Below are entries; print them exactly from the first line through the one containing "白雪歌送武判官归京教案_第1页".

[Web page caption snippets]
'''

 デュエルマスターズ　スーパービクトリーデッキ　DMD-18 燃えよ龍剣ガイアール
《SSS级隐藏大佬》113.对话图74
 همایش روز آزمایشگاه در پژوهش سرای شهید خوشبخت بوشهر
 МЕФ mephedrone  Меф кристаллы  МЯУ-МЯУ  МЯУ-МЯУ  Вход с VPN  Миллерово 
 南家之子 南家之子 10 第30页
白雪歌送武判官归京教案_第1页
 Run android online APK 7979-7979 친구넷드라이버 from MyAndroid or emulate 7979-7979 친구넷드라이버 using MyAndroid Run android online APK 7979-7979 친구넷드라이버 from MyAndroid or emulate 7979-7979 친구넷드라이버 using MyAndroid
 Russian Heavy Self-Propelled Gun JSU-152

'''

*RESPONSE BELOW*.
 デュエルマスターズ　スーパービクトリーデッキ　DMD-18 燃えよ龍剣ガイアール
《SSS级隐藏大佬》113.对话图74
 همایش روز آزمایشگاه در پژوهش سرای شهید خوشبخت بوشهر
 МЕФ mephedrone  Меф кристаллы  МЯУ-МЯУ  МЯУ-МЯУ  Вход с VPN  Миллерово 
 南家之子 南家之子 10 第30页
白雪歌送武判官归京教案_第1页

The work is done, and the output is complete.